Tuesday, May 5, 2015


We live in a semi-rural area over by Percy Priest Lake, in Nashville, Tennessee and we often take a walk in the early evening.  The scenery is beautiful.  The trees are green and the air is fresh and clear. The birds sing and all seems to be well with the world.  Then we look down.  Lying in the gutters, berms and drains all along the roadside is trash, obviously thrown from passing vehicles.  Why would anyone be so thoughtless in littering this beautiful environment?

My husband has just come in from mowing the roadside frontage of our property and has picked up 40-50lbs of trash such as bottles, cans, fast food boxes and plastic bags.  He even scored a set of nice sunglasses!  Where do these litter bugs come from?  They come from homes where other litter bugs live.  This is where they learned to be one.


I remember reading a true story in a New Zealand newspaper.  A gas pump attendant was filling a customer’s tank when the driver opened his window and emptied all his trash, cigarette butts and all, out on the forecourt.  He then closed the window. The attendant quietly swept it all into a little dust pan and knocked on the car window.  When the driver opened the window, the attendant said, ‘Excuse me, Sir, I think this is yours!", and promptly tipped the contents back into the car.  YES!

What does it take to create a concern for our environment?  We need to look at our own attitude as adults.   Do we understand that trees, plants, and little greeblies are here for a purpose and need an unpoluted environment, too?  Everything is placed on this earth to give us a greater quality of life.
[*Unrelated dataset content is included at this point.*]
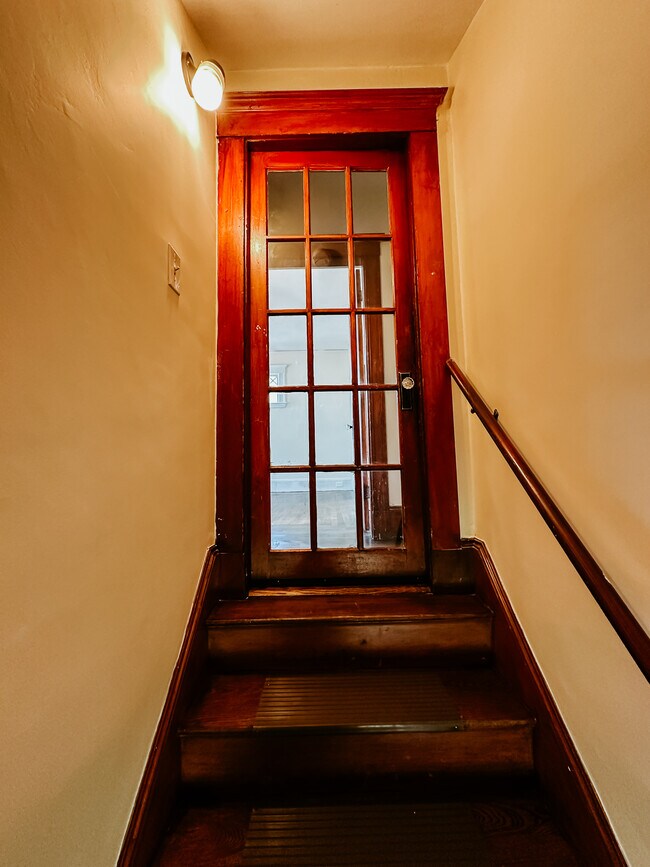 Foto del edificio - 34 Brooksdale Rd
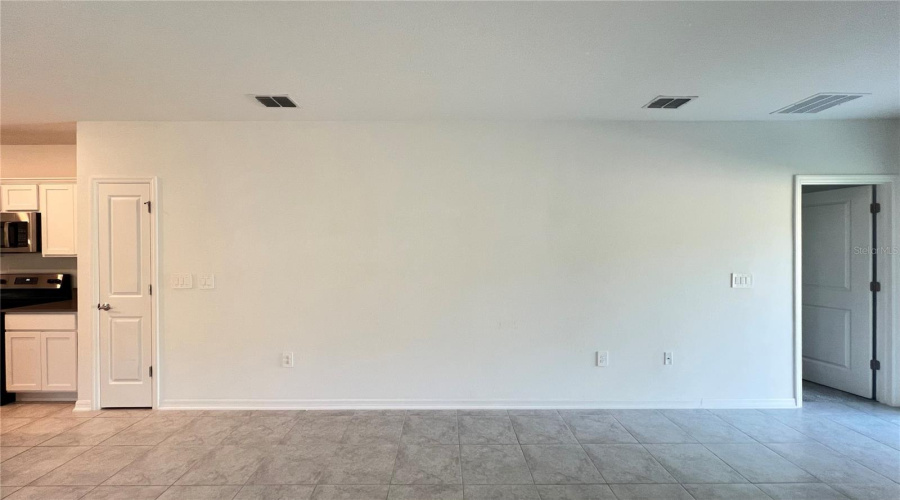 Kissimmee, Florida 34746, 3 Bedrooms Bedrooms, ,2 Bathroomsbathrooms,Residential,For Sale,Babbling Brook,Mfrs5124196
When we have an appreciation for our surroundings, then we can train our children to be the same.

  • Lead by example.
  • Show them that respect does not only relate to people, but also includes the nurture of our environment.
  • Train our kids early to pick up their stuff and discard trash in recepticals, NOT on the ground. 
  • Take our kids out in the community with trash bags periodically.  By doing this they will get an appreciation of how much easier it is to put trash in cans in the first place, instead of just tossing their stuff out windows.
  • Encourage our kids to plant a little garden or a tree.  Make them responsible for looking after it and watching it grow.  They will learn to protect it and water it.  By understanding what it takes for those plants to grow, they will be less likely to thoughtlessly damage tree limbs, stand or ride over garden plants and such like. 
We also need to teach our kids that, not only are we responsible for dealing with our own trash, but sometimes that of others.  Brian used to supervise the school cafeteria.  If he asked a child to pick up lunch trash where the owner could not be identified, the response usually was, "I’m not picking that up.  I never put it there."  Of course, they did pick it up, but not before major protest.  We're talking about being a good citizen here, and it's often a hard lesson to learn because of our selfish nature.

The environment belongs to all of us. We need to care for and protect it – not just for ourselves but for future generations. Our kids are part of that future and their kids need to learn the same important value.  It is all a matter of respect.